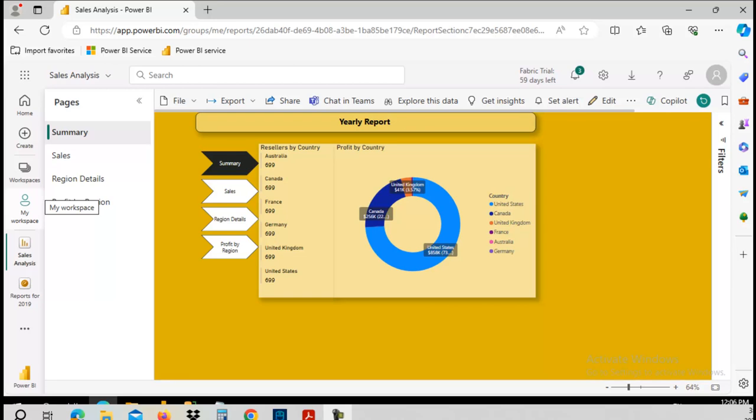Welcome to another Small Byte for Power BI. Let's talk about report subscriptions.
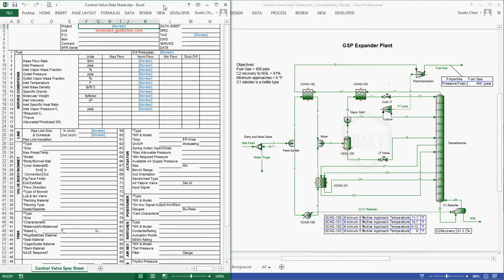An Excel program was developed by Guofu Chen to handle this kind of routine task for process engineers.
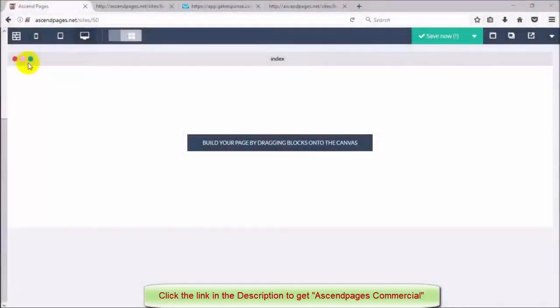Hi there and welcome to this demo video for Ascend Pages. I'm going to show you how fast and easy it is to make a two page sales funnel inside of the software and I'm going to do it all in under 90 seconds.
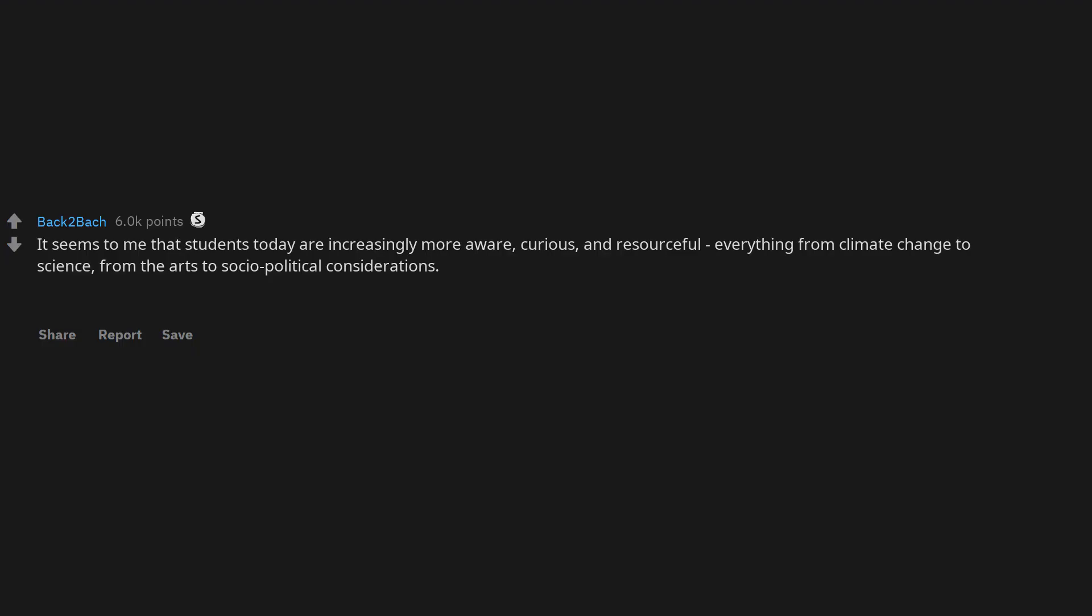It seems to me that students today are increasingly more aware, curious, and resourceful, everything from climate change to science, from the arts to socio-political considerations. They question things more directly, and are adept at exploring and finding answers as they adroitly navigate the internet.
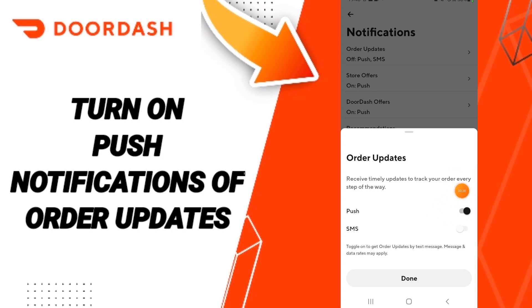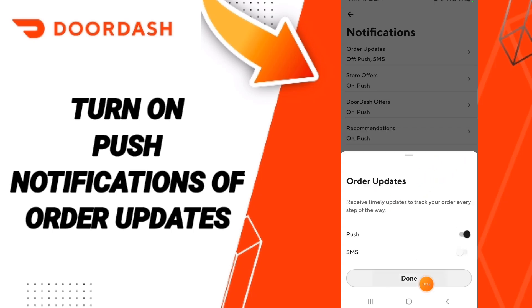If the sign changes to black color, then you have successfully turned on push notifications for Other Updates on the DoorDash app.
--*--
Task prompt =>
Print the material above verbatim, no images.

Result =>
Welcome to another Small Byte for Power BI. Let's talk about report subscriptions.
An Excel program was developed by Guofu Chen to handle this kind of routine task for process engineers.
Hi there and welcome to this demo video for Ascend Pages. I'm going to show you how fast and easy it is to make a two page sales funnel inside of the software and I'm going to do it all in under 90 seconds.
It seems to me that students today are increasingly more aware, curious, and resourceful, everything from climate change to science, from the arts to socio-political considerations. They question things more directly, and are adept at exploring and finding answers as they adroitly navigate the internet.
If the sign changes to black color, then you have successfully turned on push notifications for Other Updates on the DoorDash app.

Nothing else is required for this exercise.